Activity
Word for word, restate every record, though not the pictures.

......

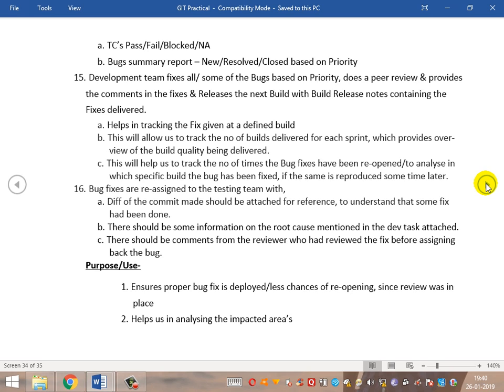Also, verifying that existing functionality is still working ensures high quality delivery to production. This ensures everyone stays safe — the client is happy, support guys are happy, everyone is happy. This is the complete end-to-end process, from the start of gathering requirements all the way to deploying to production. This is all the process that needs to be performed in order to achieve a high-quality deliverable build and ensure high-level customer satisfaction.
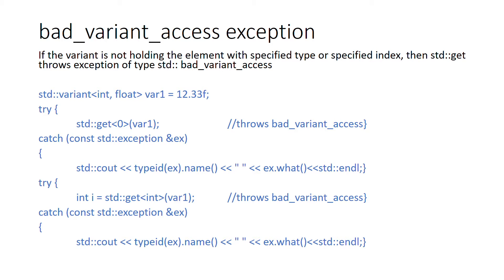Here you can see std::get is used for variant var1, and if it doesn't contain the value at index zero or it doesn't contain an int, you can have a bad_variant_access.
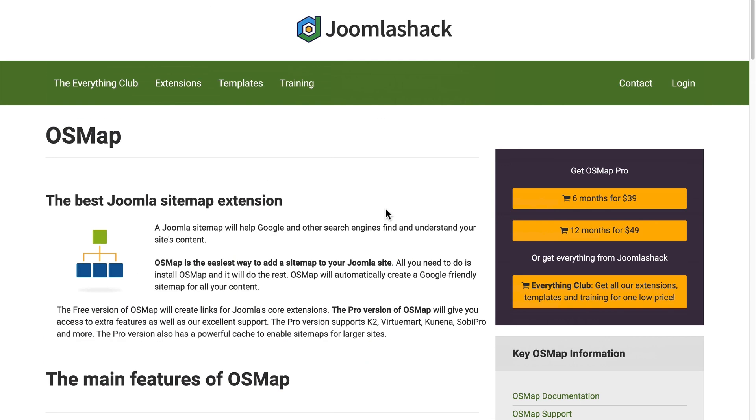And if you get stuck, head over to joomlashack.com, click the contact link and we'll be happy to help. All the best with your search engines and making sure that Google and Bing can find all the content on your site. Give OSMap a try.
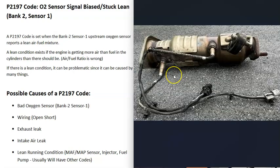When you get a P2197 code, the computer is seeing a problem with the bank 2 sensor 1 oxygen sensor.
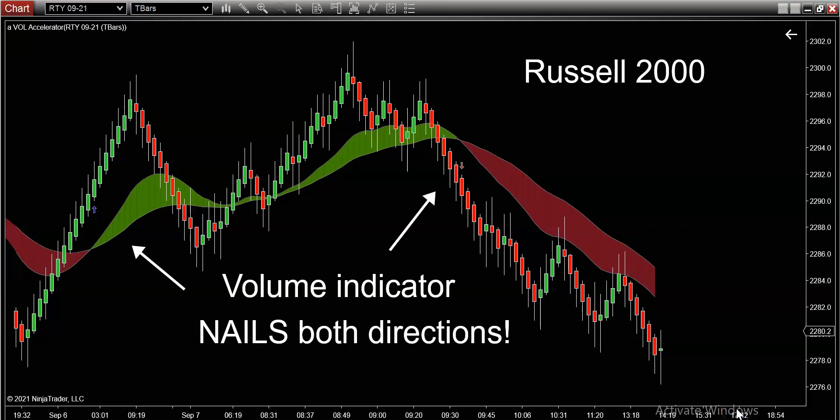Hey, what's happening traders? It's Mark here at Dino Trading, the world's number one resource on learning how to trend trade. I'm going to show you and educate you in this video on an amazing trend trading indicator that uses nothing more than volume as its primary algorithm.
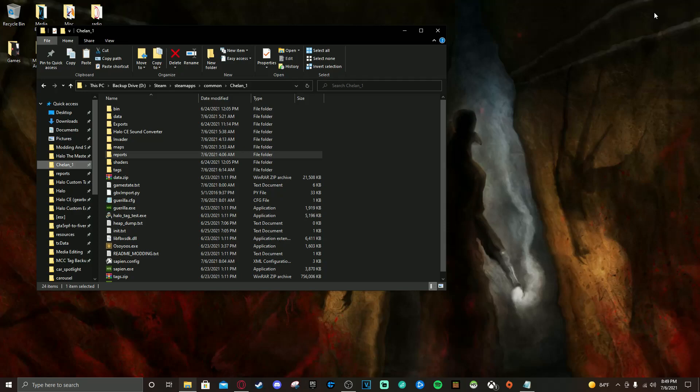If you don't know what Invader is and how to set it up, please refer to my previous video — I'll leave a link in the description or put it on screen. Go ahead and watch that, follow the instructions, and then come back to where we are now. We're going to be opening Sapien and getting started.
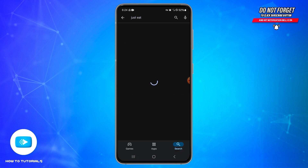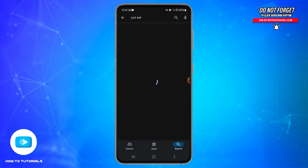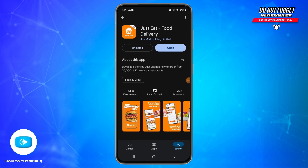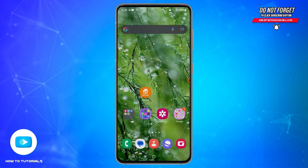Once you search for it, find the authentic Just Eat application. Once you find it, tap on the app icon to go inside it. Here you'll be able to see the Install button — go ahead and tap on Install in order to install it on your device.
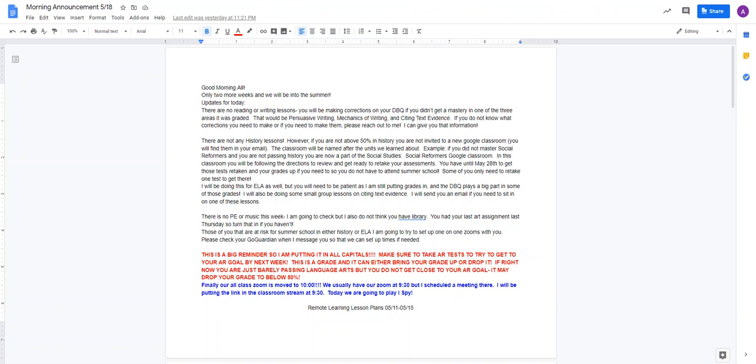Updates for today. There are no reading or writing lessons. You will be making corrections on your DBQ if you didn't get mastery in one of the three areas that was graded. That would be persuasive writing, mechanics of writing, and citing text evidence.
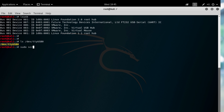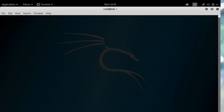Once connected, set the baud rate to 115200 using the following command: screen /dev/ttyUSB0. If you are using a different system or device, it could be named differently, and you'll need to replace that with the name of your device.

......

Task response
Also, verifying that existing functionality is still working ensures high quality delivery to production. This ensures everyone stays safe — the client is happy, support guys are happy, everyone is happy. This is the complete end-to-end process, from the start of gathering requirements all the way to deploying to production. This is all the process that needs to be performed in order to achieve a high-quality deliverable build and ensure high-level customer satisfaction.
Here you can see std::get is used for variant var1, and if it doesn't contain the value at index zero or it doesn't contain an int, you can have a bad_variant_access.
And if you get stuck, head over to joomlashack.com, click the contact link and we'll be happy to help. All the best with your search engines and making sure that Google and Bing can find all the content on your site. Give OSMap a try.
When you get a P2197 code, the computer is seeing a problem with the bank 2 sensor 1 oxygen sensor.
Hey, what's happening traders? It's Mark here at Dino Trading, the world's number one resource on learning how to trend trade. I'm going to show you and educate you in this video on an amazing trend trading indicator that uses nothing more than volume as its primary algorithm.
If you don't know what Invader is and how to set it up, please refer to my previous video — I'll leave a link in the description or put it on screen. Go ahead and watch that, follow the instructions, and then come back to where we are now. We're going to be opening Sapien and getting started.
Once you search for it, find the authentic Just Eat application. Once you find it, tap on the app icon to go inside it. Here you'll be able to see the Install button — go ahead and tap on Install in order to install it on your device.
Updates for today. There are no reading or writing lessons. You will be making corrections on your DBQ if you didn't get mastery in one of the three areas that was graded. That would be persuasive writing, mechanics of writing, and citing text evidence.
Once connected, set the baud rate to 115200 using the following command: screen /dev/ttyUSB0. If you are using a different system or device, it could be named differently, and you'll need to replace that with the name of your device.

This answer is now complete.